The past three decades have witnessed a quantum progress and advancement in the field of analytical chemistry. Nowadays, both microprocessor based and computer-aided analytical instruments have more or less replaced the manually operated ones in any reasonably good analytical laboratory. One of the most prevalent determinate errors is caused by analytical intruments which are found to be ‘out of calibration’. Hence, it is very essential that such instruments need to be calibrated periodically, for instance, a pH meter is calibrated using a buffer solution of known pH, say adjusting the meter to read pH = 7.00 when a buffer of pH 7.00 is measured ; a single-pan electric balance is calibrated by using standard certified weight box; an UV-spectrophotometer is calibrated using standard solutions of known substances.
In a similar manner, the calibration of glassware, such as : volumetric flasks, pipettes, burettes, measur-ing cylindres are duly carried out by specific methods recommended by Indian Standards Institution (ISI), British Standards Institution (BSI), National Physical Laboratory (NPL), United States Pharmacopoeia (USP) at specified temperatures.

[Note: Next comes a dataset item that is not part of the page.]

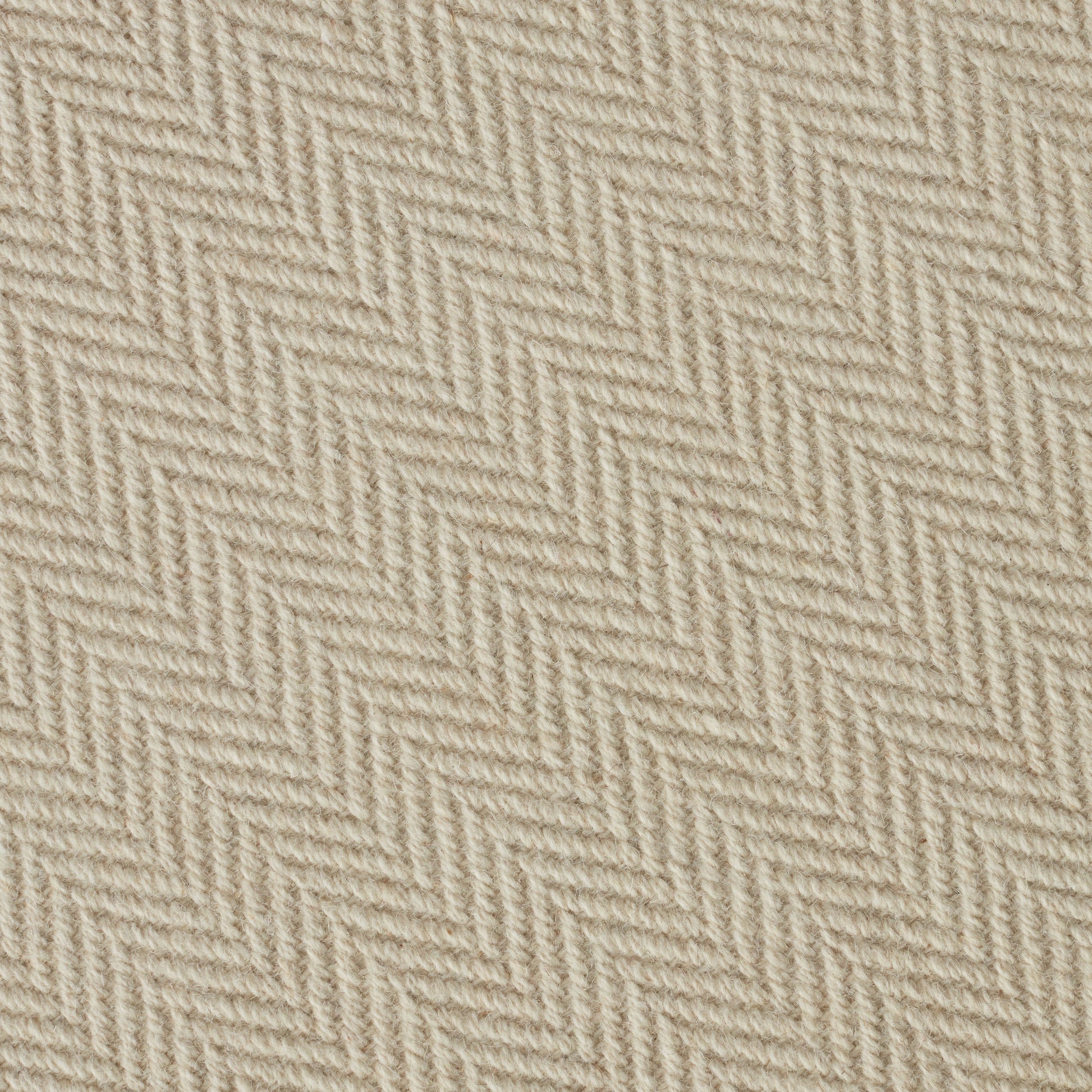 Closeup of Truman Ivory Wool Rug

In addition to errors caused due to improper assay methods or faulty instruments, it may also be due to the analyst. A few typical examples are cited below :
(a) Physical Impairment : A person suffering from colour blindness may not be in a position to assess colour-changes precisely ; or if he uses bifocals he may not take the burette readings accurately.
(b) Learning-Curve Syndrome : An analyst must practise a new assay method employing ‘known’ samples before making an attempt to tackle an unknown sample, thereby minimising the scope of personal errors.